• **Exercise aim**: Print exactly, and only, the lines running from the line containing "Day, Natural landscape, Garden, Garden" through the end of the records below.

• **Exercise data**:
□ □ □
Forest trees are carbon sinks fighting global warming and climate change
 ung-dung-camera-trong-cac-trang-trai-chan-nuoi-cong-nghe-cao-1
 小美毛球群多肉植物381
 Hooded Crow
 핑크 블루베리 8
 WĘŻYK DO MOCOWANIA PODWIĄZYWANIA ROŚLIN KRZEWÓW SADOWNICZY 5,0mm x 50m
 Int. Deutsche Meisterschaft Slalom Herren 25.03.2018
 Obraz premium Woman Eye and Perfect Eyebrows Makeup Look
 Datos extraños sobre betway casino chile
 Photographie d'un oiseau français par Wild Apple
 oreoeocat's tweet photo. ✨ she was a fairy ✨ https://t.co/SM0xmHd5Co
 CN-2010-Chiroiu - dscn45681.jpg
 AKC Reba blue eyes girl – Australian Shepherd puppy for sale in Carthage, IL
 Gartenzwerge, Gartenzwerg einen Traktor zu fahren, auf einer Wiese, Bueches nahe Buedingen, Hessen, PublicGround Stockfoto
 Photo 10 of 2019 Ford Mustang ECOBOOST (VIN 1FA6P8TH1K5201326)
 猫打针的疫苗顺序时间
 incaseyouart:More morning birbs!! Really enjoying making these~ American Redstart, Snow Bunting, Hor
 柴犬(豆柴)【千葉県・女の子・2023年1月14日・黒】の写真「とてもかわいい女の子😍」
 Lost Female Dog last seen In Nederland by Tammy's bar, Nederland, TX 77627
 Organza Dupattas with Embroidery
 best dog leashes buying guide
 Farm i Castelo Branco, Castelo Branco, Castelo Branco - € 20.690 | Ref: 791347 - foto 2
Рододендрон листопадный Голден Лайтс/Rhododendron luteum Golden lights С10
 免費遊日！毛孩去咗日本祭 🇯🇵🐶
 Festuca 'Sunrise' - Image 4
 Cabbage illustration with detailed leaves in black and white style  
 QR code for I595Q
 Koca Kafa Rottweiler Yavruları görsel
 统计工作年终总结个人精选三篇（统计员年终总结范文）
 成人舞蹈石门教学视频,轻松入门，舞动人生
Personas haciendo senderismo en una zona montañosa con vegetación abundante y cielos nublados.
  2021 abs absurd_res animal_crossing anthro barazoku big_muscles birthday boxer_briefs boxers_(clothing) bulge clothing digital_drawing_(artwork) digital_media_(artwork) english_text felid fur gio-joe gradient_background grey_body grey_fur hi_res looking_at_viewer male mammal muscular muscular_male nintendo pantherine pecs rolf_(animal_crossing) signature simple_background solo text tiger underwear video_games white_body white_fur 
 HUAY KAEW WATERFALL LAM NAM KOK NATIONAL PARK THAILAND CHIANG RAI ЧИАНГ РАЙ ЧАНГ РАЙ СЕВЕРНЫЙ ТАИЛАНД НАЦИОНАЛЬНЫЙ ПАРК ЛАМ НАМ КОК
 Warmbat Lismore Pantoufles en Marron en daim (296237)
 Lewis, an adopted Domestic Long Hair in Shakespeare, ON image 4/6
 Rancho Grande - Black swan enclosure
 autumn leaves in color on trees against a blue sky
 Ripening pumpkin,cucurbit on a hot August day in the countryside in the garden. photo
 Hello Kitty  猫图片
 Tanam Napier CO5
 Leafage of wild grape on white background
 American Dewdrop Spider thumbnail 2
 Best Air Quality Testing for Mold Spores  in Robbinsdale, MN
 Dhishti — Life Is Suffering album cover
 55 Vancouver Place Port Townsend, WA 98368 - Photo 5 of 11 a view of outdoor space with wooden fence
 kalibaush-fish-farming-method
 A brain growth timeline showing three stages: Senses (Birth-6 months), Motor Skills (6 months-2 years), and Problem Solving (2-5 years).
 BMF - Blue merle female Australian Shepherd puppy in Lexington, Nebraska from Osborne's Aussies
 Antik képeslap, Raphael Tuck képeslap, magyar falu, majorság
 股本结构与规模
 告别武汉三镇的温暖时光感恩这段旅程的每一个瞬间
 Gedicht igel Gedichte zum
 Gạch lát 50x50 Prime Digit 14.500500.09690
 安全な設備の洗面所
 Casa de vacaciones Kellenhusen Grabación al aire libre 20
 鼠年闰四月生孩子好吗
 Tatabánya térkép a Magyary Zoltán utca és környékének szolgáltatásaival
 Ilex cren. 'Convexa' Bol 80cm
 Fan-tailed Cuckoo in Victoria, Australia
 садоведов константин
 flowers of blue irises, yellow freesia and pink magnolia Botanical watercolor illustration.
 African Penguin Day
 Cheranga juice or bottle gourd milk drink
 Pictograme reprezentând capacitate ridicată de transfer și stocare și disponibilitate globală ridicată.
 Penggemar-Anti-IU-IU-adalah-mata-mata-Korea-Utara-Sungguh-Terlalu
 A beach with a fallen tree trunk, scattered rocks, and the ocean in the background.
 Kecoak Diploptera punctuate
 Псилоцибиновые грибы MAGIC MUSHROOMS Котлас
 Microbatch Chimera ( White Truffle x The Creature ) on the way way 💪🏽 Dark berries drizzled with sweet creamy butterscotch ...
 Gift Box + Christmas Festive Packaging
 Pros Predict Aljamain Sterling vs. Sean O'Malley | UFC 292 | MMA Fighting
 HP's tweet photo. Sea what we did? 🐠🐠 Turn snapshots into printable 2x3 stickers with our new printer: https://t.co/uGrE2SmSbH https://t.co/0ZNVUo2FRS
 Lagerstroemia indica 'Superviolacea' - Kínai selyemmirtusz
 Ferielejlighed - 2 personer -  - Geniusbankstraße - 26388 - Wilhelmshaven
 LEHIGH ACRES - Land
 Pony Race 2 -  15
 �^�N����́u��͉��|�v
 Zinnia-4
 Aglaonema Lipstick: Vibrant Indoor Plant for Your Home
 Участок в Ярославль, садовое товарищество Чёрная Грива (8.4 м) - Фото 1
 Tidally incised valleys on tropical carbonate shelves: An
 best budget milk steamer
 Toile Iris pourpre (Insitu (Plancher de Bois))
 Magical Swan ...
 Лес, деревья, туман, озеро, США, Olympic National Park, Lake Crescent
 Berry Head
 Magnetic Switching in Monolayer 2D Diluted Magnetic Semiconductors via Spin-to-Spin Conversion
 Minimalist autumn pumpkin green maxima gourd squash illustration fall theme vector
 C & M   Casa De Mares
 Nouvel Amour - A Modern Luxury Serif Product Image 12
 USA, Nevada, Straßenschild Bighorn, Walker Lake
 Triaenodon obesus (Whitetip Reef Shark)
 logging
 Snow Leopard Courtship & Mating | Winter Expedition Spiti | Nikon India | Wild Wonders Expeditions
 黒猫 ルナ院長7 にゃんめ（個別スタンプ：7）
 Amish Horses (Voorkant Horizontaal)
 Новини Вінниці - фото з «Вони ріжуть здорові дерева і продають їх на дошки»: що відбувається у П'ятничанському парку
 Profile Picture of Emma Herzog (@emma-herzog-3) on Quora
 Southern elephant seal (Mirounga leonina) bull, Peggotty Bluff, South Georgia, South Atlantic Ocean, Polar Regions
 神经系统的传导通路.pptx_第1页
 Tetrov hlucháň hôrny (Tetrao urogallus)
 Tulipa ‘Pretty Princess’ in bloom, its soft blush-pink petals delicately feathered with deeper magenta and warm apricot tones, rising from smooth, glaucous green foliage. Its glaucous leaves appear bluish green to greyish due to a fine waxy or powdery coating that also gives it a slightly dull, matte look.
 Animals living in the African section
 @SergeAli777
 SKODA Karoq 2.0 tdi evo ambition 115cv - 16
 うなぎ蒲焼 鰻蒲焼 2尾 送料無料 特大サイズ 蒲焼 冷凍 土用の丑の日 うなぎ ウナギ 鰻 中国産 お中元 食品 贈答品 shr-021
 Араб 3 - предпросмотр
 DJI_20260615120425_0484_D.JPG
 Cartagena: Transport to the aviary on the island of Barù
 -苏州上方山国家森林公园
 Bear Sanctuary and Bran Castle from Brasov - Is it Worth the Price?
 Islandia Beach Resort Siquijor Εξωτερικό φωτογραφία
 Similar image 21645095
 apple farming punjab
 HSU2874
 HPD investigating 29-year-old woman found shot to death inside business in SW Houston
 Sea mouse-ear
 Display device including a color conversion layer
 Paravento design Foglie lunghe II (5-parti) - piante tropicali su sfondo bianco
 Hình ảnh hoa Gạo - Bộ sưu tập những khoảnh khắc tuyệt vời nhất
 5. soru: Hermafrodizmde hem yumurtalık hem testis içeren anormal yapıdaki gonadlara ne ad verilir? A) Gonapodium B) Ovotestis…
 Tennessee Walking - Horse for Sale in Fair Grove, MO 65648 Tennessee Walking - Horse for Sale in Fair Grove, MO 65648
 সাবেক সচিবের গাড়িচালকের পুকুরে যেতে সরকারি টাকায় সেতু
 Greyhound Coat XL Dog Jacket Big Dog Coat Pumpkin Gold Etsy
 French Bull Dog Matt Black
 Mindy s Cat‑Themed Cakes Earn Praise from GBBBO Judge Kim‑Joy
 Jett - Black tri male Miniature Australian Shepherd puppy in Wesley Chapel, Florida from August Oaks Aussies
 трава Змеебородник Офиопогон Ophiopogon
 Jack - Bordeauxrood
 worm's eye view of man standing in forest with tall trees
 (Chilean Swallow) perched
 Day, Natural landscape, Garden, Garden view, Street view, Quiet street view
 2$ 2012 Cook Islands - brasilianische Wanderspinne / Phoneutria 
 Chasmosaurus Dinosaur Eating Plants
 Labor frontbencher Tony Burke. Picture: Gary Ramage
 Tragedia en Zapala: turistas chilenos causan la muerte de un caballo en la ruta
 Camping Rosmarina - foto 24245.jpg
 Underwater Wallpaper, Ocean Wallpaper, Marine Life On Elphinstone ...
□ □ □
• **The answer**:
 Day, Natural landscape, Garden, Garden view, Street view, Quiet street view
 2$ 2012 Cook Islands - brasilianische Wanderspinne / Phoneutria 
 Chasmosaurus Dinosaur Eating Plants
 Labor frontbencher Tony Burke. Picture: Gary Ramage
 Tragedia en Zapala: turistas chilenos causan la muerte de un caballo en la ruta
 Camping Rosmarina - foto 24245.jpg
 Underwater Wallpaper, Ocean Wallpaper, Marine Life On Elphinstone ...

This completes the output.